Should poets group their work into marketable themes?

Am I the only person to desperately count up the number of poems written on a particular theme, to see if it will stretch for a submission for chapbook or pamphlet? Probably not.

Perhaps because I have spent a lot of time thinking about the theme (for example, the effect of pollution on my local seas, or the story of forced adoption in my family) it feels like I have dozens of poems tucked away on this theme.

And yet I don’t. I have a very large number of poems, but on many and various subjects.

And trying to expand the number on a theme, in an artificial attempt to ‘fit the bill’ can result in repetition and poor poetic quality.

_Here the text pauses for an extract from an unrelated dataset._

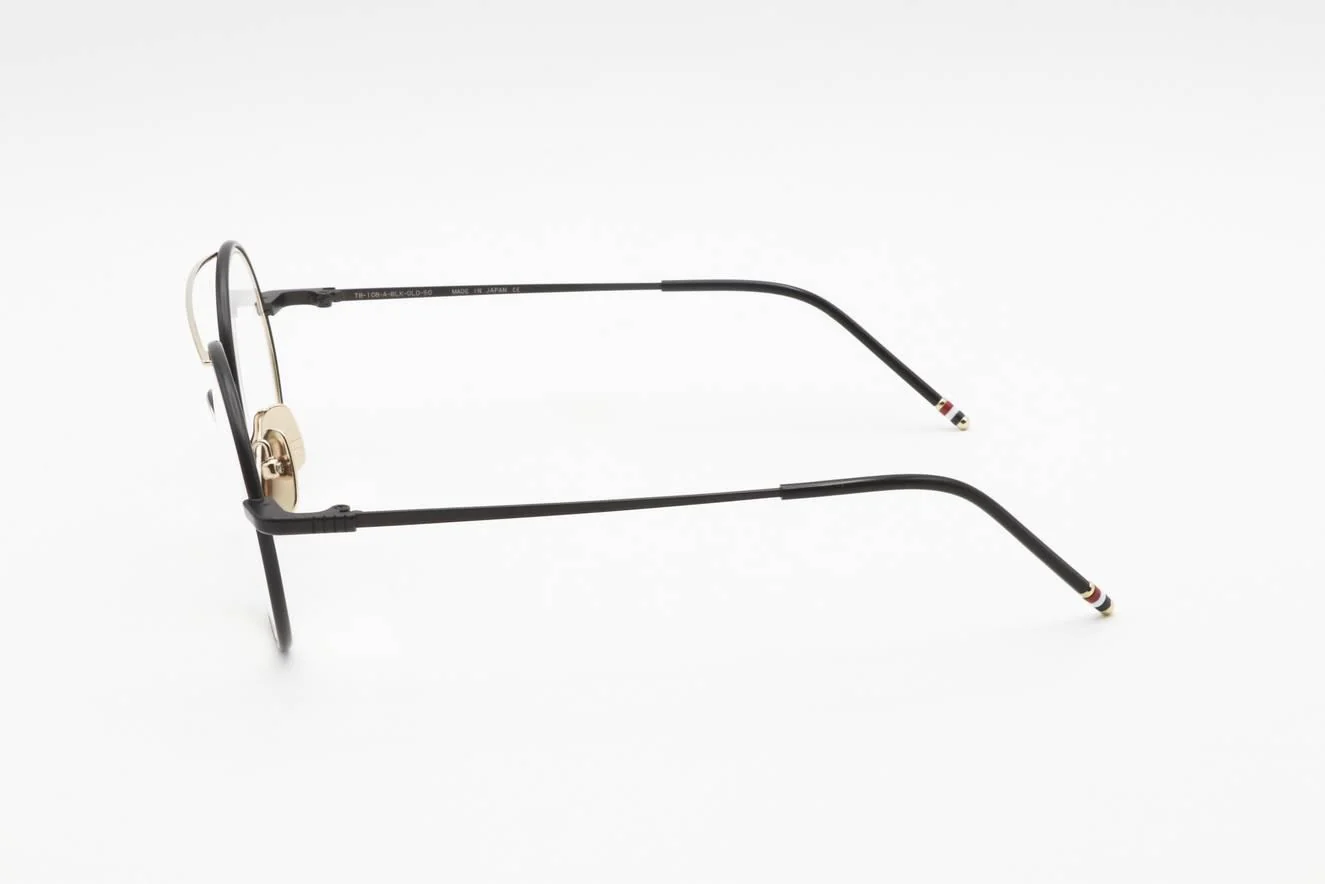 THOM BROWNE TB108 Eyeglasses - Image 8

Of course, you could say that I’m being too literal, and that every chapbook or collection should have a variety of forms and themes, of light and shade. Maybe. But I get the feeling that many publishers want simple narratives of ‘What the Poems Are About, and Who is Writing Them.’ I can’t blame them.

What I worry about, is that this might push some of us to channel our poetic time and energy into echoing silos of stuff which are saleable, rather than opening up our thinking to wild new subjects.

Maybe the problem is with me – that I want work to be published and I’m too keen to fit in with what (I imagine) is desired. Perhaps I should just (virtually) throw all the pages up in the air and send off whatever lands in a rough pile.